Even more interesting is the fact that Carroll Quigley, in his The Evolution of Civilizations, traces the origin of capitalism, specifically mercantile capitalism, to the Canaanite civilization.  (See pages 140-143.  It should be noted that Quigley seems to give a wider-than-biblical definition to the Canaanite civilization, suggesting that the Canaanites were forerunners to the modern-day Jews.) 

What can be offered as an interpretation of Zechariah 14:21?

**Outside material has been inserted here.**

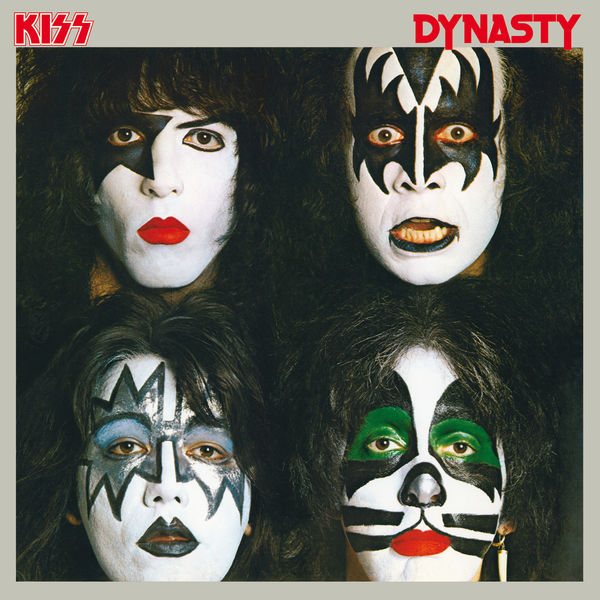 Kiss – Dynasty (1979/2014) [Official Digital Download 24bit/192kHz]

An interesting example of exegesis of Zechariah 14:21 appears in a volume of The Anchor Bible series published by Doubleday at New York in 1993, specifically Zechariah 9-14.  A New Translation with Introduction and Commentary.  by Carol L. Meyers and  Eric M. Meyers., both archaeologists at Duke University.   The Meyers's interpretation is as follows:

" That there will no longer be a 'Canaanite' in the Temple, which really indicates the larger territory of God's domain and not simply an architectural entity in Jerusalem . . . . , may be a way of saying, as has so often been said in these last two verses, that traditional boundaries will dissolve in the future age.  All the land will partake of Temple holiness.   Hence all its inhabitants will become God's people:  Canaanites will no longer be in Yahweh's house, because that which defines 'Canaanite' -- a culture in tension with Yahwism -- will no longer exist.   Another possibility is that the Canaanites, as enemy par excellence of the Israelites, will finally be completely banished or eliminated, thus no longer posing a threat to the sanctity of Yahweh's people, land, or Temple. "   (p. 491)

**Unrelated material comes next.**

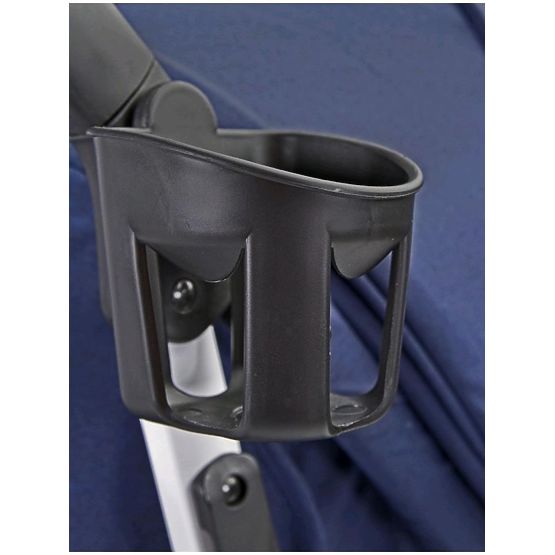 Sportovní kočárek CARETERO Sonata graphite Šedá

Here is an interpretation which is rather ambiguous!   Either the Israelites will make the Canaanites vanish by assimilating them or else by exterminating them.  Elsewhere, especially in Deuteronomy, the Old Testament is frank in its description of the Israelites' genocide of the Canaanites.   Given the attention to lines of descent elsewhere in the Old Testament, it is difficult to believe that the Israelites perceived the Canaanites as simply another culture which they were to absorb.

Is this an example of modern-day "politically correct" multiculturalism creeping into Old Testament exegesis?